— What the exercise asks —
Leaving out the images, repeat all the lines below exactly.

(Image-caption web data)
^^^^

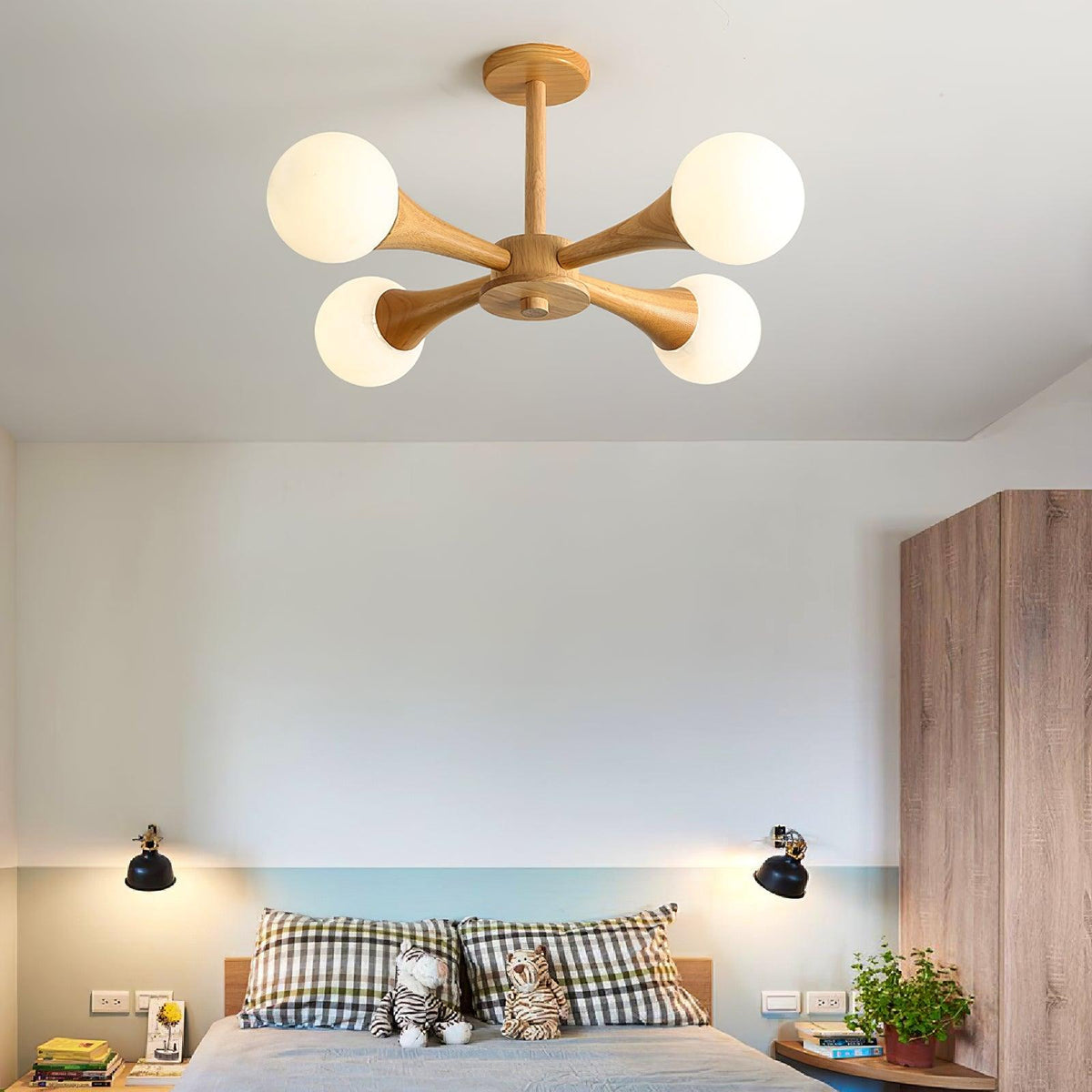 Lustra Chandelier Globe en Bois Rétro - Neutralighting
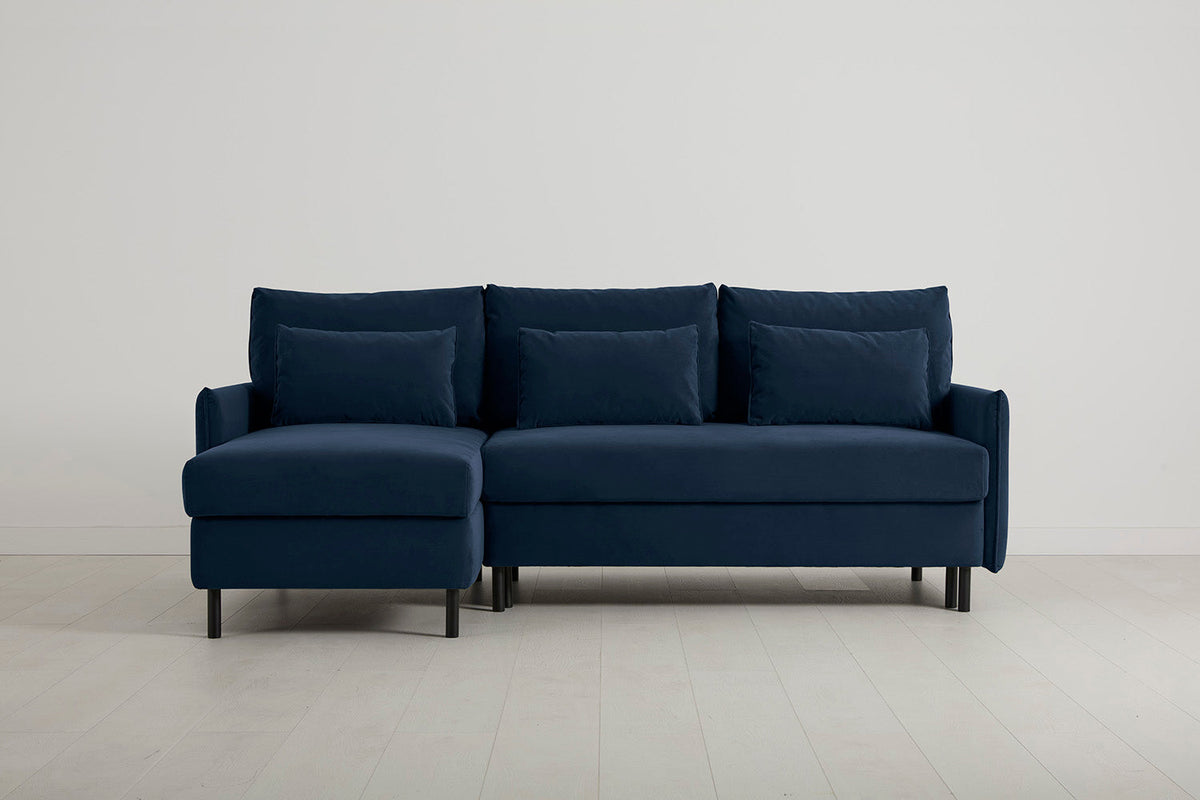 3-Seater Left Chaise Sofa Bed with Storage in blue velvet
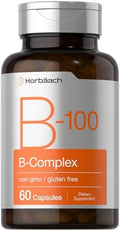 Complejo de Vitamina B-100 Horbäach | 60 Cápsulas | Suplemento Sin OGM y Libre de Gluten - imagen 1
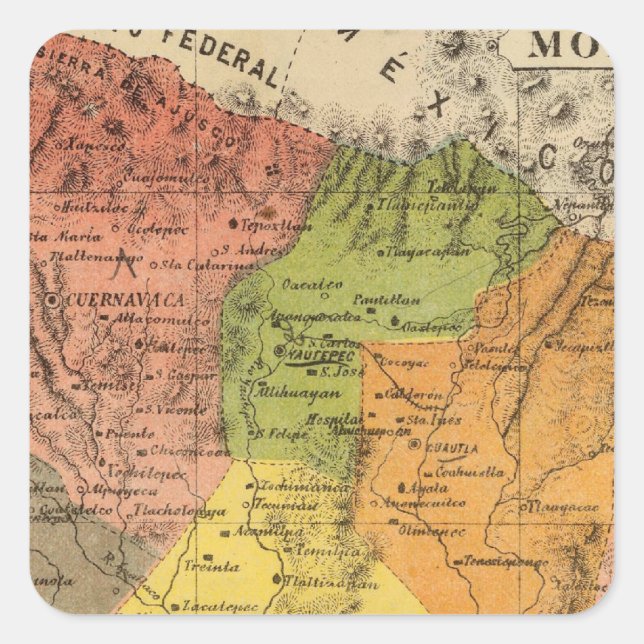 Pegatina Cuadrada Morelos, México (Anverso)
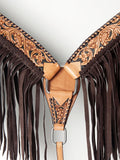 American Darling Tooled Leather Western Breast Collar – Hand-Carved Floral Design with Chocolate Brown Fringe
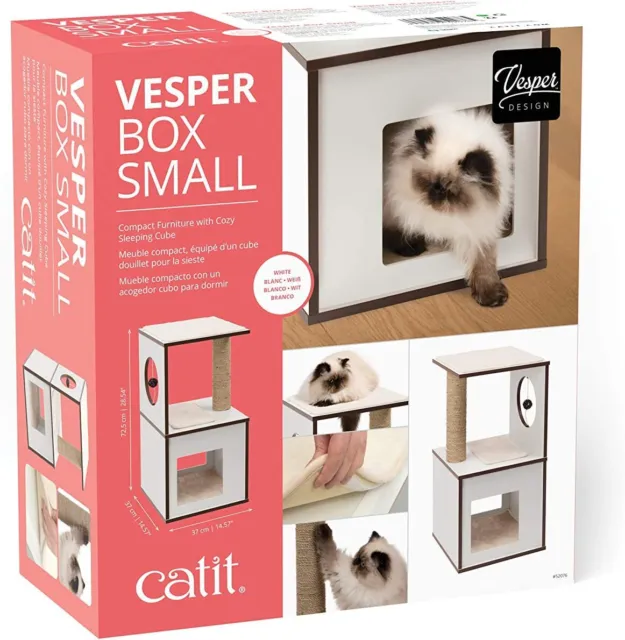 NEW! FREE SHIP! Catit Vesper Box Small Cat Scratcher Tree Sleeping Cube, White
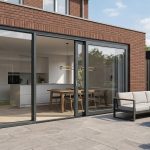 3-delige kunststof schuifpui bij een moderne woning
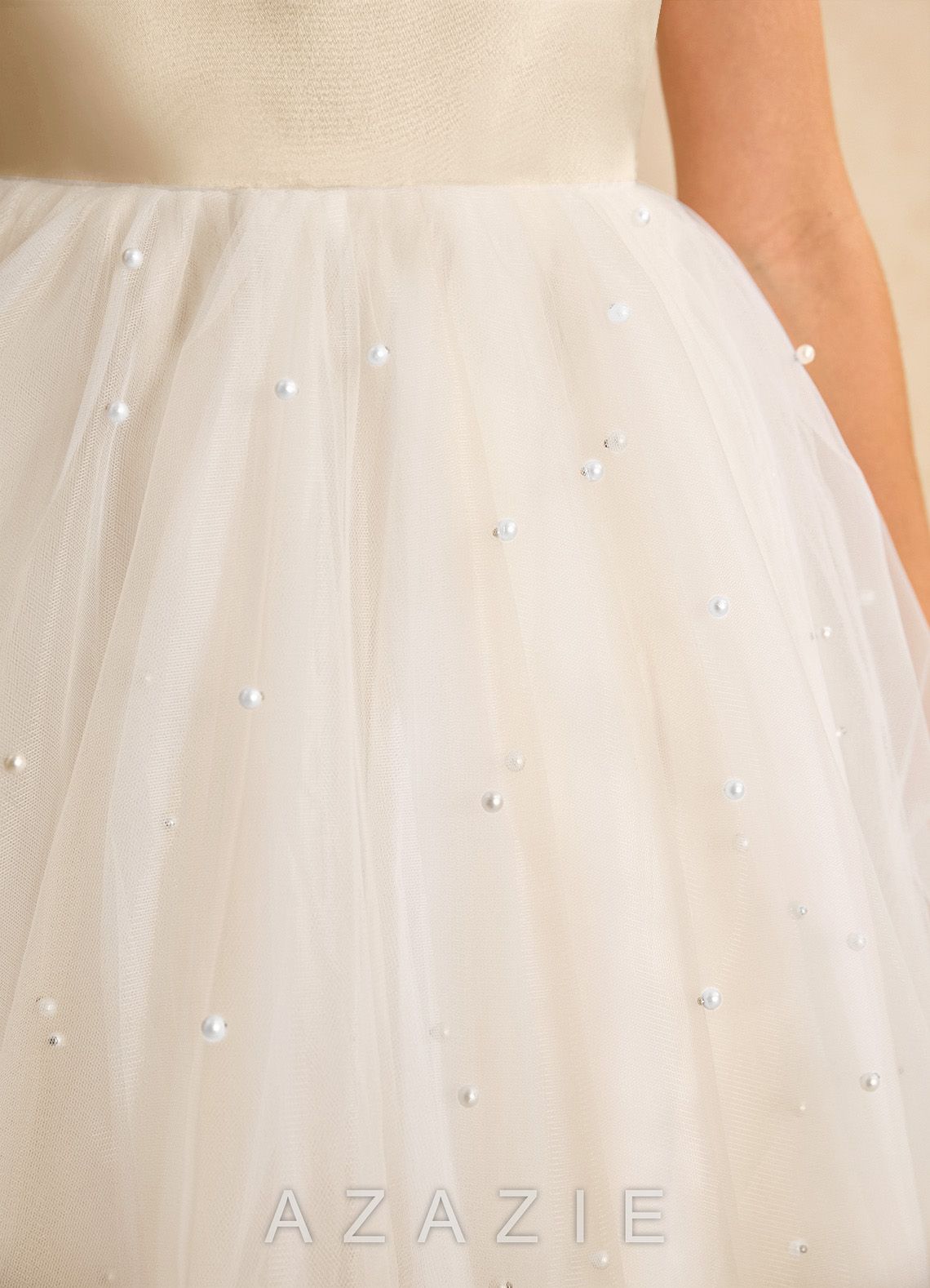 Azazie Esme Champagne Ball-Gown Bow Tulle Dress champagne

^^^^

— Answer box —
 Lustra Chandelier Globe en Bois Rétro - Neutralighting
 3-Seater Left Chaise Sofa Bed with Storage in blue velvet
 Complejo de Vitamina B-100 Horbäach | 60 Cápsulas | Suplemento Sin OGM y Libre de Gluten - imagen 1
 Pegatina Cuadrada Morelos, México (Anverso)
 American Darling Tooled Leather Western Breast Collar – Hand-Carved Floral Design with Chocolate Brown Fringe
 NEW! FREE SHIP! Catit Vesper Box Small Cat Scratcher Tree Sleeping Cube, White
 3-delige kunststof schuifpui bij een moderne woning
 Azazie Esme Champagne Ball-Gown Bow Tulle Dress champagne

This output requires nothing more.